Having crossed seas, deserts, and conflict zones, refugees arriving in the United States and other developed nations face a host of new challenges -- one of which is the digital divide. For those struggling with a new language and culture, the challenge of also learning to use computers, often for the first time, can be as daunting as it is vital to their future success.
Self-described computer geek Riad Sbai — whose parents immigrated from Syria to the U.S. in the late 1980s — founded the nonprofit PCs for Refugees (PCs) in 2016 to help recently relocated families obtain computers and the skills to use them. Though it started with Sbai donating a few personal computers, it has grown, now having helped over 500 families get computers and technical training and given out over two dozen laptops to college students. But this only captures a small part of the impact PCs and its partner organizations, such as The Welcome to America Project (WTAP) deliver. In addition to necessities and tools, this growing ecosystem of nonprofits, driven by volunteers who share Sbai’s basic altruistic impulse, provide refugees a warm welcome that offsets the anti-immigrant sentiments many of the newly arrived fear almost as much as the violence and hardships they fled.

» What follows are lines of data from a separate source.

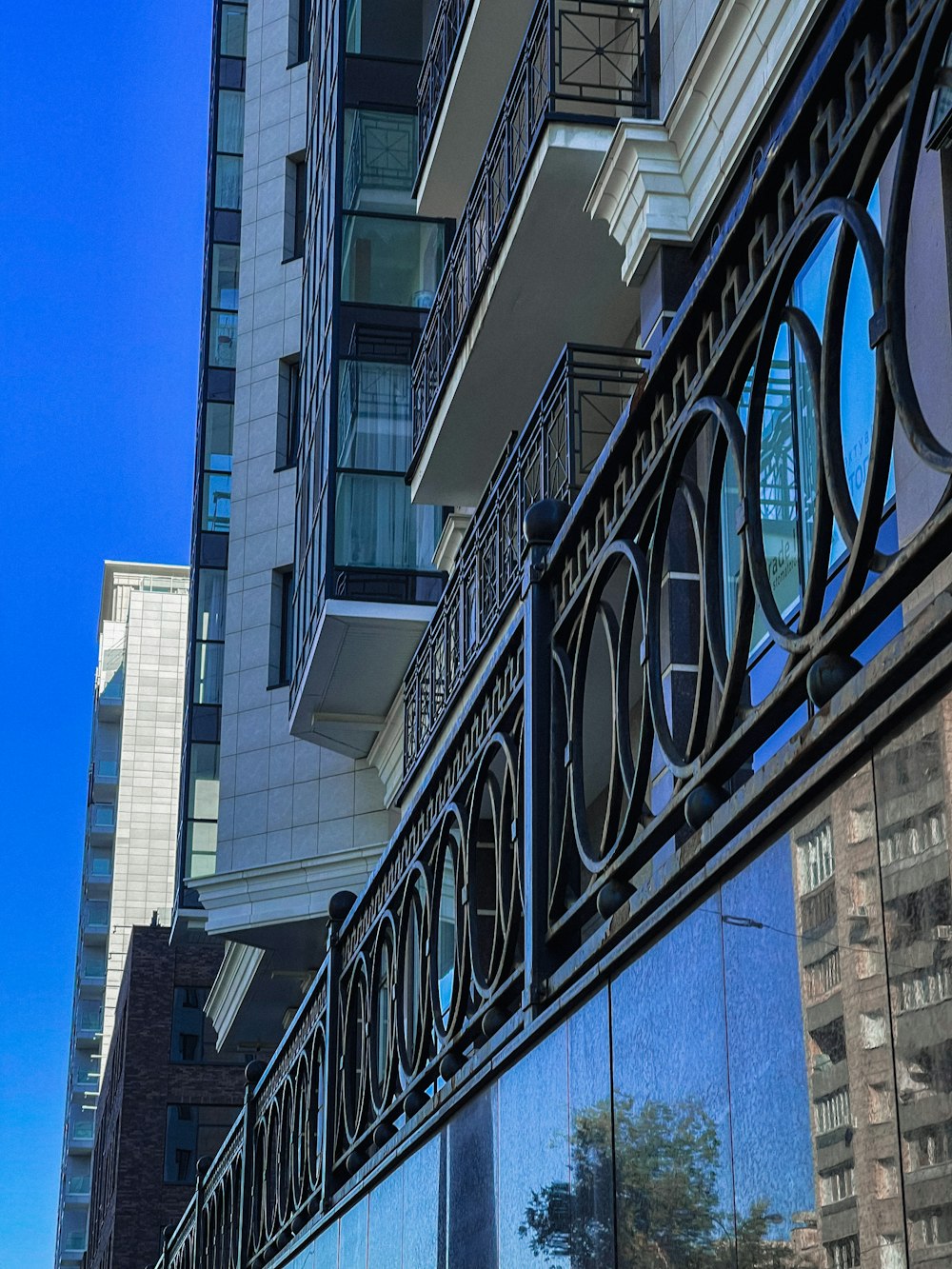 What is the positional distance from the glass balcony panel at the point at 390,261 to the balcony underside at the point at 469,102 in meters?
2.42

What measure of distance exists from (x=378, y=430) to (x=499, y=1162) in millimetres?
16748

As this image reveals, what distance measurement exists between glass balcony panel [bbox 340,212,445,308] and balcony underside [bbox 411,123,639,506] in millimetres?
4910

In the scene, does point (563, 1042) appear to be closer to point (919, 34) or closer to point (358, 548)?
point (919, 34)

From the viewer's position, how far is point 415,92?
75.8 feet

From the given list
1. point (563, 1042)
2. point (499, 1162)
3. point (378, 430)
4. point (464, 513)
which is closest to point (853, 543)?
point (563, 1042)

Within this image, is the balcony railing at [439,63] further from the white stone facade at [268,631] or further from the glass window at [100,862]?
the glass window at [100,862]

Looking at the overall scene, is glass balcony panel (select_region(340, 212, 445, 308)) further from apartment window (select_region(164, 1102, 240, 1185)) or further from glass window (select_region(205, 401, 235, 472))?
apartment window (select_region(164, 1102, 240, 1185))

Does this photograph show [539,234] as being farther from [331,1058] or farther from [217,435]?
[217,435]

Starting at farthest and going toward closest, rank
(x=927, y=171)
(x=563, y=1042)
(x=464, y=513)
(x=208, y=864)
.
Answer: (x=208, y=864) < (x=464, y=513) < (x=927, y=171) < (x=563, y=1042)

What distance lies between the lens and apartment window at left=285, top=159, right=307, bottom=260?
105ft

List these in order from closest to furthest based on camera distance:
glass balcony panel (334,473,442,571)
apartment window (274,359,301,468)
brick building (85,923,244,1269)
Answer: glass balcony panel (334,473,442,571)
apartment window (274,359,301,468)
brick building (85,923,244,1269)

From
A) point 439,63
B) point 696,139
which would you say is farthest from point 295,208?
point 696,139

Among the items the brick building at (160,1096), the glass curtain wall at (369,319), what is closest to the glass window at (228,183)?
the glass curtain wall at (369,319)

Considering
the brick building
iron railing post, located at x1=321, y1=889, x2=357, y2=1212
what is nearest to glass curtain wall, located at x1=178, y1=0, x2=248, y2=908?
the brick building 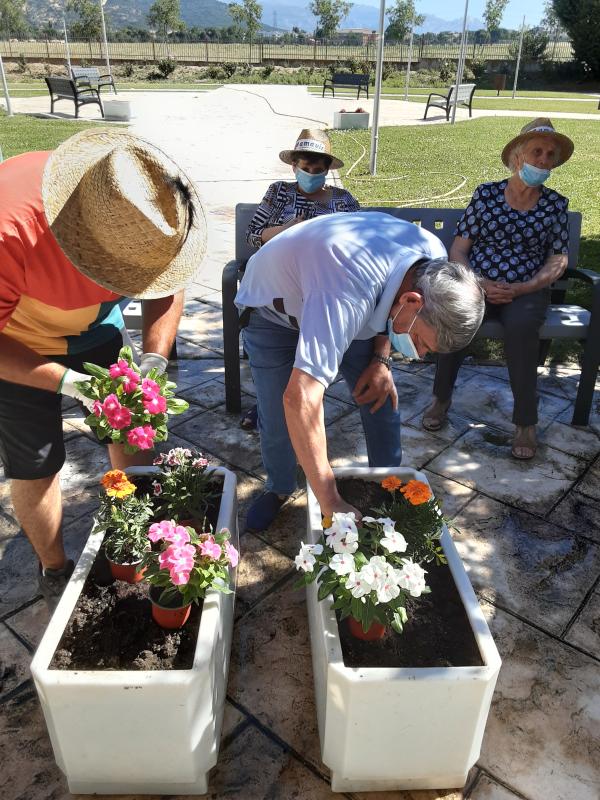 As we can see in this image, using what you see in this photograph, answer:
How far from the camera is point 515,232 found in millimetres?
3613

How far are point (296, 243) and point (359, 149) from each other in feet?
38.4

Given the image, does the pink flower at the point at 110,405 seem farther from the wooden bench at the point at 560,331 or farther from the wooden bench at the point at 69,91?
the wooden bench at the point at 69,91

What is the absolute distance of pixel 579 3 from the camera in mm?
41719

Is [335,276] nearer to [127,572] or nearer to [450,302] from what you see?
[450,302]

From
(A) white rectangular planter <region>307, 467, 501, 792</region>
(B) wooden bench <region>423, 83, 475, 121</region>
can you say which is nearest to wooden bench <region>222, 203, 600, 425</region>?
(A) white rectangular planter <region>307, 467, 501, 792</region>

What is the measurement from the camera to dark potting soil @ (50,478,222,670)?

However, it all began with depression, frustration, and a foreign hacker collective. Though Sbai was born in the U.S., he grew up visiting his extended family in Syria almost every summer, sometimes for three months at a time. He watched with growing alarm as a series of protests escalated into a civil war in 2011, fearing for his family and friends but unsure how to help from 7,000 miles away. He attended a few protests and flash mobs, but didn’t feel he was making a difference.
Then he started the first in a series of three websites. Though none are still online, they served to aggregate news about the Syrian conflict and document the ongoing humanitarian crisis. The third and final site , called Occupy Kafranbel, archived pictures of the witty and direct banners created by activists from there and displayed for several years at weekly protests in that Syrian city. Reported by news outlets across the globe, Sbai says it became the semi-official website for the group. He even met one of the principal organizers, Raed Fares, when the latter visited the U.S. to raise support for the faltering cause. However, the website was taken down by repeated attacks from (in Sbai's belief) the Syrian Electronic Army, a group of hackers who supported and were possibly funded by the Baathist government of current Syrian President Bashar Al-assad. Sadly, Fares was gunned down by an assassin on November 23, 2018.
Though attracting international attention through his websites, Sbai still felt like he wasn’t having the kind of impact he wanted. In the summer of 2015, he heard from a friend that a number of Syrian families displaced by the conflict had recently arrived in Phoenix, where Sbai then lived. Sbai and his mother quickly set up visits to welcome and greet four of these families.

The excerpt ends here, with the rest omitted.